> **How to complete this task**:
From the entries that follow, work out how many lines contain "shoes". Write the number only.
START Provided material
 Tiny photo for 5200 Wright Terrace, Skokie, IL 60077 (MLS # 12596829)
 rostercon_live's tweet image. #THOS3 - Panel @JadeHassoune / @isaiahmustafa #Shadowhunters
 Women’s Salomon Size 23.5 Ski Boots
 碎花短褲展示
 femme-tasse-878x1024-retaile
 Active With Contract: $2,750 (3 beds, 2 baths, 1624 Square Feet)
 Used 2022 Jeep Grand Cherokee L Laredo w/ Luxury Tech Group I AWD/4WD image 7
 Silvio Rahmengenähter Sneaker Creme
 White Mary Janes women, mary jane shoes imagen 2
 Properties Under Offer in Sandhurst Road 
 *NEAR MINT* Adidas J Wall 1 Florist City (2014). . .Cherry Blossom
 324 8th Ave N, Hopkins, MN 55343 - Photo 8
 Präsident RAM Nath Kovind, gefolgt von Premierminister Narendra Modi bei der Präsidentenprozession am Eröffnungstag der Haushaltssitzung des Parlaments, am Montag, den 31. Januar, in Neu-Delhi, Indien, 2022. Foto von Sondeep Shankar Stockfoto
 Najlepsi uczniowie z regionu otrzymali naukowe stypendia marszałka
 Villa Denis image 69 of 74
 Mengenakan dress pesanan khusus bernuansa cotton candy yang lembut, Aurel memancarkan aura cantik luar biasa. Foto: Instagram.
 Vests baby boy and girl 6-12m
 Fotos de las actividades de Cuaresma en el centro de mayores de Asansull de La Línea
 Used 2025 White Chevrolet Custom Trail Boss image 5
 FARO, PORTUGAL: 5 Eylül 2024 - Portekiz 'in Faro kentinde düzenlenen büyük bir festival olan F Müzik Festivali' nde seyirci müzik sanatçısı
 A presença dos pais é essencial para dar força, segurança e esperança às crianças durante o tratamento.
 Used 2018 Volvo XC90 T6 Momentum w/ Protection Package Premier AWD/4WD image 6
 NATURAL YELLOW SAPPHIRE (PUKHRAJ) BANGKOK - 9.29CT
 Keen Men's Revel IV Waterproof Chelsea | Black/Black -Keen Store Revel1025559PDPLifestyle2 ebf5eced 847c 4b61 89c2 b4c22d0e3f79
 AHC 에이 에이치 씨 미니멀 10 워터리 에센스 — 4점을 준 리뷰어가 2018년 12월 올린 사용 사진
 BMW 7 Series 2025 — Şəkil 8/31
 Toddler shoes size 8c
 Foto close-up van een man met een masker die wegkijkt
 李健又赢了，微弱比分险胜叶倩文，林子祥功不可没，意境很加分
END Provided material
> **Solved exercise**:
2